Photographs published by the group showed the bombing of a tomb about 2.5 miles north of the centre of Palmyra, and of another shrine, which lies just outside the main Unesco site.

It is believed that mines have been planted around other, better-known monuments, including the Roman-era amphitheatre above which Isis’s black flag has been raised, ready for detonation at any time.

Fears were raised for the ancient site, parts of which date back 4,000 years, after Isis captured it last month, following its destruction of other ancient sites and monuments across Iraq and Syria.

Dedicated to a radical interpretation of Islam, Isis believes that nothing should pre-date the birth of the Prophet Mohammed, which according to the Gregorian calendar widely used in the West, is around 570 AD. “They consider these Islamic mausoleums to be against their beliefs, and they ban all visits to these sites,” Syria’s antiquities director Maamoun Abulkarim said. The threat to sites in Palmyra came as Syrian government forces made advances on the town.

It seems likely that the destruction was sent as a sign to President Bashar al-Assad’s forces that the rest of the site will be destroyed if the Syrian army advances are not checked. Some reports had Syrian forces just five miles from the Isis front-line position in the village of Al-Amariyah.

“It is not known if the purpose is to blow up the ruins or to prevent regime forces from advancing into the town,” Rami Abdel Rahman, the director the Britain-based Syrian Observatory for Human Rights told the Al-Jazeera network. “It seems clear that the Syrian regime has increased its air strikes and wants to push [Isis] out.”

The destruction at Palmyra came as it emerged that one of Isis’s leading figures, the Tunisian, Ali Awni al-Harzi, has been killed in a US air strike in the Isis stronghold of Mosul in Iraq. As well as being a leading Isis militant, al-Harzi was identified by the US as being a key architect of the attack on the US compound in the Libyan city of Benghazi on 11 September 2012 when Washington’s envoy, Christopher Stevens, was killed.

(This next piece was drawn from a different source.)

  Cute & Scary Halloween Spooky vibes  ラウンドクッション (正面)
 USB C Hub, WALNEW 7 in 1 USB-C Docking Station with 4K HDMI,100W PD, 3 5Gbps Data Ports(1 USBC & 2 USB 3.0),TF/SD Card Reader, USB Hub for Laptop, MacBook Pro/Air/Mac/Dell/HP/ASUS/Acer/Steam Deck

Al-Harzi “operated closely with multiple [Isis]-associated extremists throughout North Africa and the Middle East”, US Defence Department spokesman, Colonel Steve Warren said in a statement. “His death degrades [Isis’s] ability to integrate North African jihadists into the Syrian and Iraqi fight and removes a jihadist with long ties to international terrorism.”

The man behind the 2012 Benghazi attacks was reportedly killed this week (Getty)
The man behind the 2012 Benghazi attacks was reportedly killed this week (Getty) (Getty Images)

A leading fixer for the Islamist cause, al-Harzi had reportedly been in charge of Isis’s recruitment of foreign fighters. Only added to US’s target list in April this year, he first came to prominence as a member of the al-Qaeda-linked Tunisian outfit, Ansar al-Sharia, in 2011. After the Benghazi attacks a year later, it is believed he moved to Syria and joined-up with Jabhat al-Nusra, the other main Islamist group fighting the Assad government, before joining Isis. It is likely that he was killed last week.

The US-led coalition relies on intelligence for its bombing targets and three groups of young men, accused by Isis of being spies, were murdered by the group, with the killings filmed and uploaded on to the internet.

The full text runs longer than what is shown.